Define Your Services and Pricing
Setting the right price is an art. If your prices are too low, people won’t think you’re an experienced professional. If it's too high, people will look for cheaper alternatives. It’s important to note, however, that your prices should also make sense for your target customer. For example, if you are marketing yourself to small businesses, you want to set price points that will be attractive to them.
Here are a few tips to calculate a reasonable price:
Find out how much other performers charge for the work. Analyze prices on freelance platforms, social networks, and specialized channels.
Calculate Your Expenses
Remember that once you start freelancing, you’re technically running your own company, so it’s important to think like a business. Estimate rates based on your own costs. Determine the required amount per month and divide it by business hours. Then, calculate the time it takes to complete each project and multiply it by the cost of the hour.
Develop Expert Level Skill
To put it simply, the better you are at what you do, the more you’ll be able to charge. As you grow your freelance business, your prices will likely increase as your skill set does. Don’t be afraid to reevaluate your prices from time to time to be sure you’re still charging what you’re worth.
Create A Marketing Strategy
No matter what type of work you do as a freelancer, you’ll probably have a lot of competition. Sometimes, the only thing that really sets you apart from your competition (besides your unique personality, of course) is a good marketing strategy. The reality is that a business can’t hire someone they don’t even know exists, so getting yourself and your work out there is a must.
When thinking of the perfect marketing strategy for your freelance business, you’ll want to meet your target customers where they are. For example, if you know the people you’re looking to work with will likely be avid social media users, consider building a strong social media presence and running some ads aimed at the people you hope to attract.
According to experts from a popular writing company, Essay Tigers, you can also utilize the powers of inbound marketing by creating a website full of great content that your target audience is likely to find useful. Once they visit your website and see how informative your content is, they will be more likely to do business with you. Additionally, you can use your website as a way to collect people’s email addresses and in turn create a strong email marketing strategy.
Other Important Things to Know Before Starting Your Full-Time Freelance Career
Now that you know which steps you need to follow to become a top-notch freelancer, there are a few more things you should keep in mind.

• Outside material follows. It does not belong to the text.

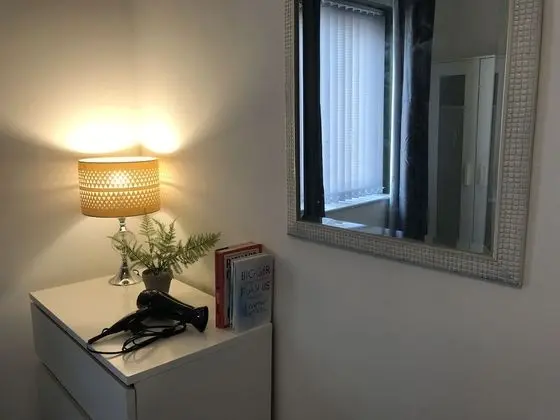 Comfort Ev, Özel Banyo (Bank Place)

Be Prepared for Slow Periods
No one is able to avoid downtime when there are no orders. It is vital to be ready for such a situation. Be sure to create a financial cushion for yourself, setting aside a small amount from each project. Use this reserve when there are no orders and money. You should also think about finances for your vacation well in advance.
Learn to Say No
Distribute your time and energy correctly. Do not grab all the work offered. You will not earn all the money, just the headache, physical and mental exhaustion. You should prioritize deadlines and the quality of your performance.
Don’t Get Too Comfortable
Don’t forget that being your own boss doesn't mean that you can take unlimited time off. In the freelance world, there’s no such thing as a paid day off. You only get paid for the work you do, so it’s important not to get too laid back with yourself.
If you’re constantly debating whether or not you should quit your job to freelance, you may be ready to make the leap. However, only you know when the time is right.
Although the thought of leaving a job can be overwhelming, preparation is truly the key to becoming a full-time freelancer. If you keep our helpful tips in mind, you might find that the transition is easier than you thought.